4) Não se pode deixar de falar, em se tratando do gênero terror, dos clássicos do expressionismo alemão, principalmente, Nosferatu, o vampiro (1922), de Friedrich Wilhelm Murnau, com a estupenda performance de Max Schenk, insuperável como o personagem título. Murnau, um dos maiores cineastas de todos os tempos, teve morte prematura no alvorecer dos anos 30. Um acidente de automóvel lhe tirou a vida. É autor de A última gargalhada, entre muitos outros filmes excepcionais, como Aurora (Sunrise, 1927), que realizou nos Estados Unidos com a estética expressionista e que François Truffaut considera o mais belo filme de todos os tempos.

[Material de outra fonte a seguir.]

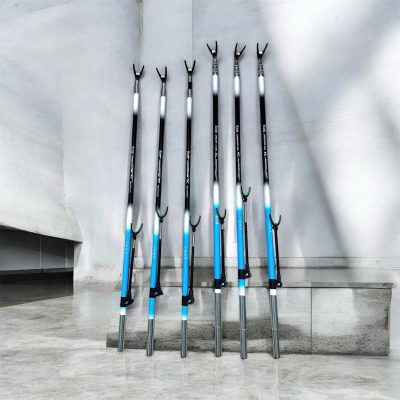 Bộ gác cần và cán vợt YC xanh phôi to-st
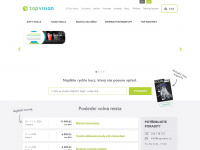 topvision.cz Webseite Vorschau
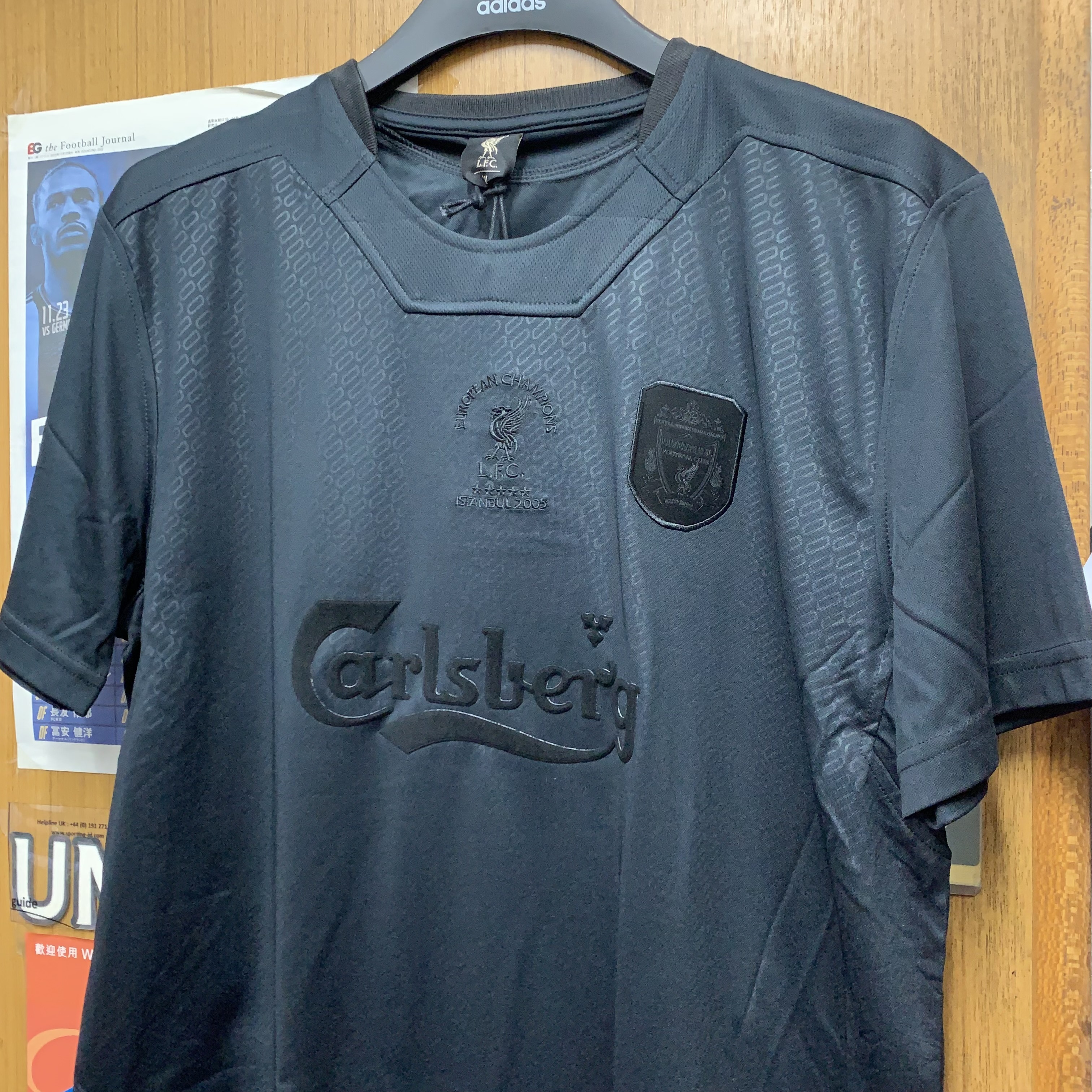 2004 Liverpool Retro Blackout Shirt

5) Werner Herzog realizou uma belíssima versão do clássico Nosferatu, de Murnau, com Klaus Kinsky no papel do vampiro, e Bruno Ganz (excepcional ator alemão que trabalhou em "O amigo americano", o melhor filme de Wim Wenders, e A queda, no qual faz Hitler em interpretação assombrosa).

6) Vi, no disquinho, Giallo, de Dario Argento, um dos mestres contemporâneos do filme de terror. Giallo é uma expressão italiana para designar livrinhos de bolso de terror e suspense baratos e editados em papel de má qualidade. Uma espécie de pulp-ficcion. Argento, tal o seu domínio formal da narrativa, é um mestre e "purifica" seus filmes com um derramamento estético de sangue. É um diretor respeitado, ainda que mal compreendido - os ignorantes pensam que é um diretor sensacionalista e barato sem atentar para a sua grande capacidade de usar brilhantemente os elementos da linguagem cinematográfica.

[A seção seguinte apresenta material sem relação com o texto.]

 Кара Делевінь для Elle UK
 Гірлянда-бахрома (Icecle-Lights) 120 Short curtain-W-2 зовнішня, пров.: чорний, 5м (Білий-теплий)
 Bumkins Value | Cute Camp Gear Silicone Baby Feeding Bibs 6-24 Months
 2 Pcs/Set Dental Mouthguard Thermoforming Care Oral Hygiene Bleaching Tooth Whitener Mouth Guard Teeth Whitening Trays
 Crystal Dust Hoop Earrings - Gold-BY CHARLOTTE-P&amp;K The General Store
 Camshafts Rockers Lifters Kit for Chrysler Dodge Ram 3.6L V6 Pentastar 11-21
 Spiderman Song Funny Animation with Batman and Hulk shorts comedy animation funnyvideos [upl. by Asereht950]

7) Dario Argento, além de ter em sua filmografia alguns cults do suspense e terror – o cineasta Carlos Reichenbach (de saudosa memória) foi um apaixonado por sua obra, foi um dos roteiristas do admirável Era uma vez no oeste (C’era uma volta in West, 1968, de Sergio Leone.). Entre seus filmes mais aclamados, encontram-se O pássaro das plumas de cristal (L'uccello dalle piume di cristallo, 1970, obra de estréia no longa), O gato das nove caudas (Il gatto a nove code, 1971), Suspiria, entre outros notáveis.

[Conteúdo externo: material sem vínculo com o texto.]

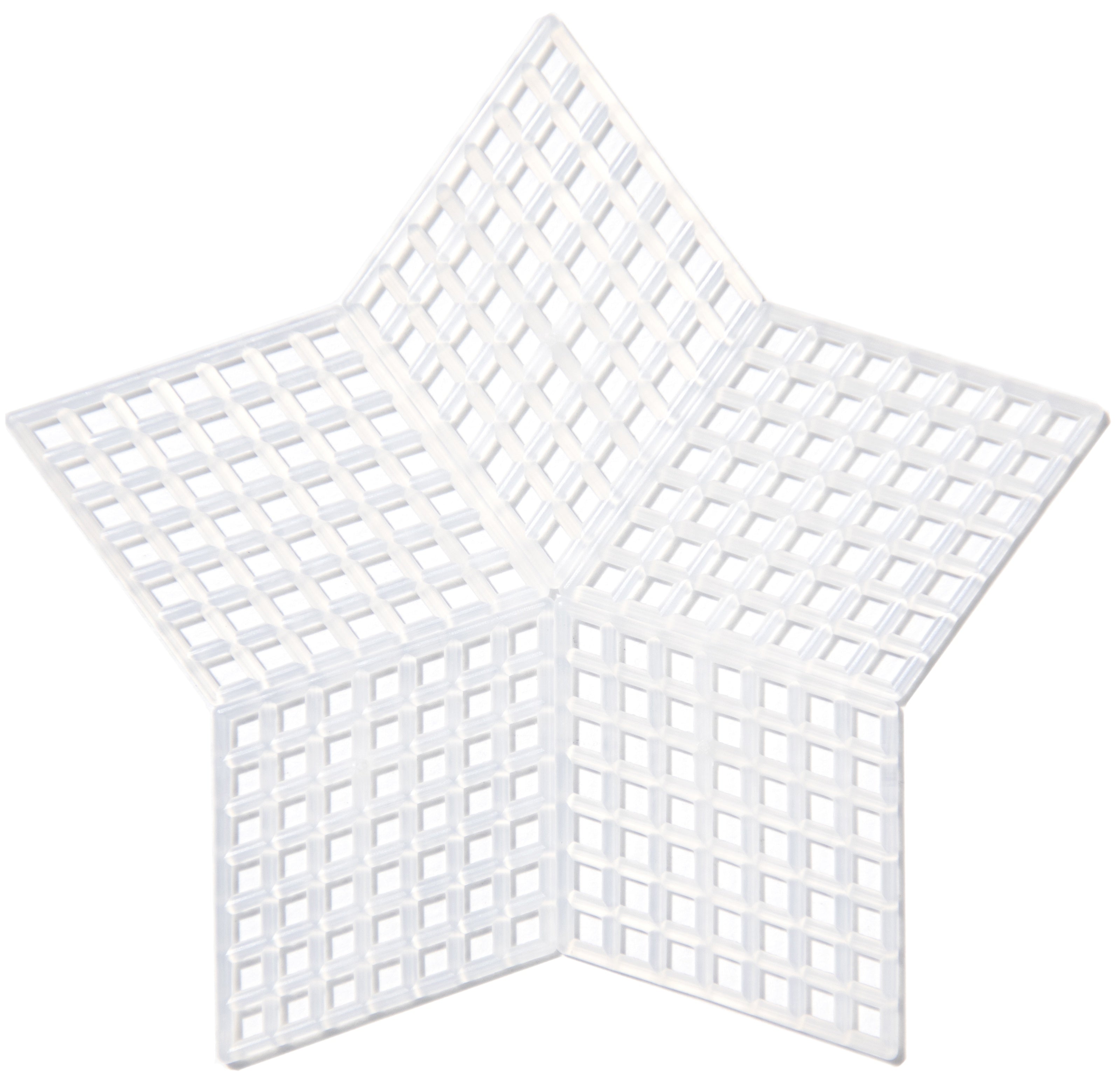 Cousin Plastic Canvas Shape 7 Count 3.25" 10/Pkg Stars Clear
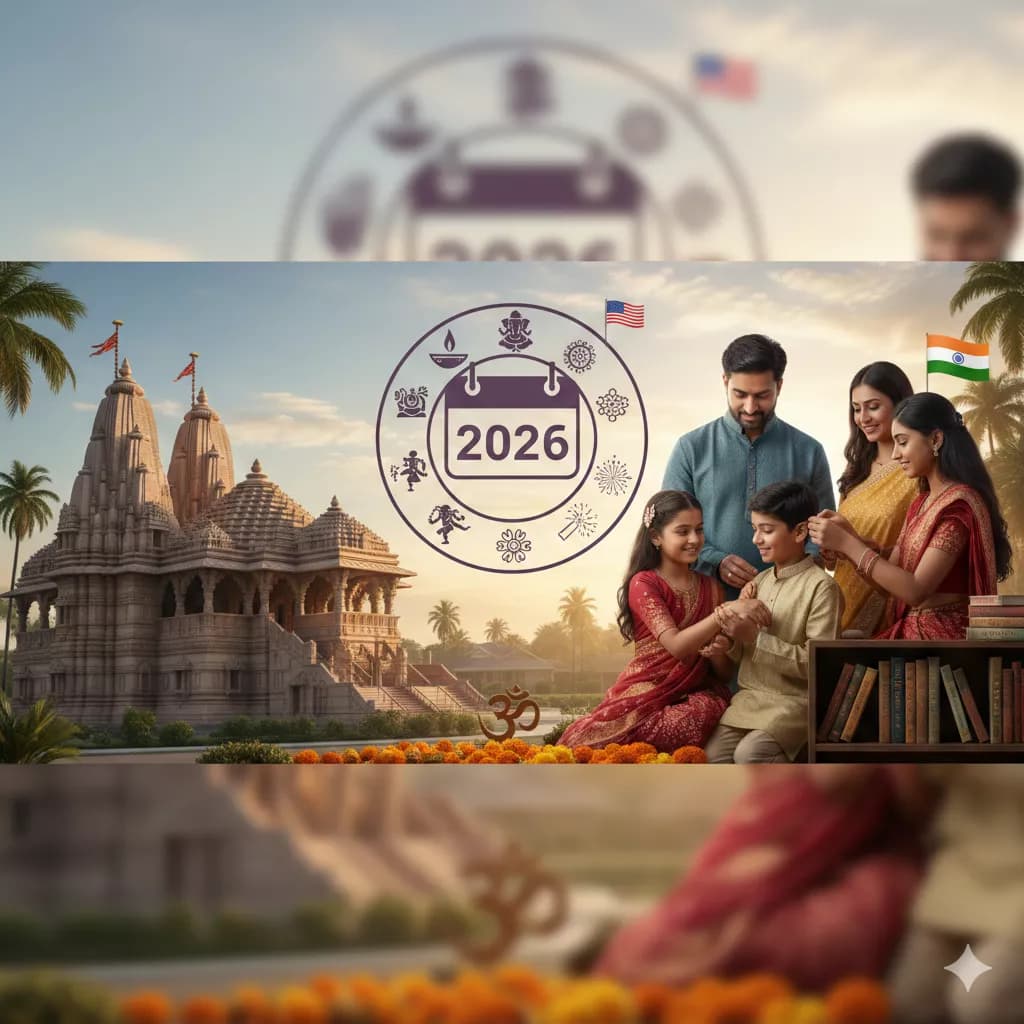 Hinduism in the USA 2026: Major Temples, Festival Calendars & Raising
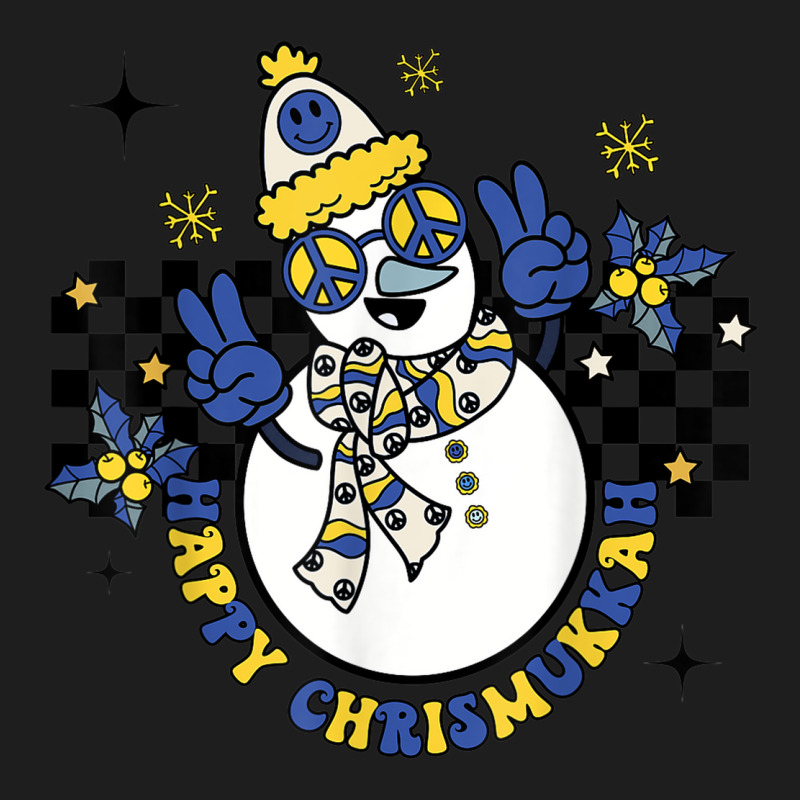 Retro Happy Chrismukkah Snowman Jewish Holiday Groovy Classic T-shirt | Artistshot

8) Em Giallo, Argento procede de maneira a não dar ao espectador aquela sensação de “quem foi”, a mostrar, já no primeiro terço do filme, o serial killer. O que Argento procura, na verdade, é a angústia do homem perseguido e o acompanhamento, por parte do público, da angústia do casal que o caça. Uma constante de Argento, os traumas da infância, está presente em GialloA modelo americana, Celine, é sequestrada, em Milão, durante uma semana na qual participa de um desfile de moda, pelo serial killer conhecido como Giallo, que faz, com extremado sadismo, suas vitimas passarem por um verdadeiro calvário. Linda (Emmanuelle Seigner, linda, apesar do tempo no seu rosto), irmã de Celine, deixa o assunto nas mãos do inspetor Enzo Lavia (Adrien Brody, o “pianista” de Polanski, e, também, um dos produtores do filme), que deverá encontrar a garota antes que ela sofra o terrível final das vitimas anteriores.

Um comentário:

Carlos Cabús Oitavén disse...

Os bons filmes de terror são como representações de nossos medos. Para quem sabe vê-los, funcionam como uma psicanálise não convencional.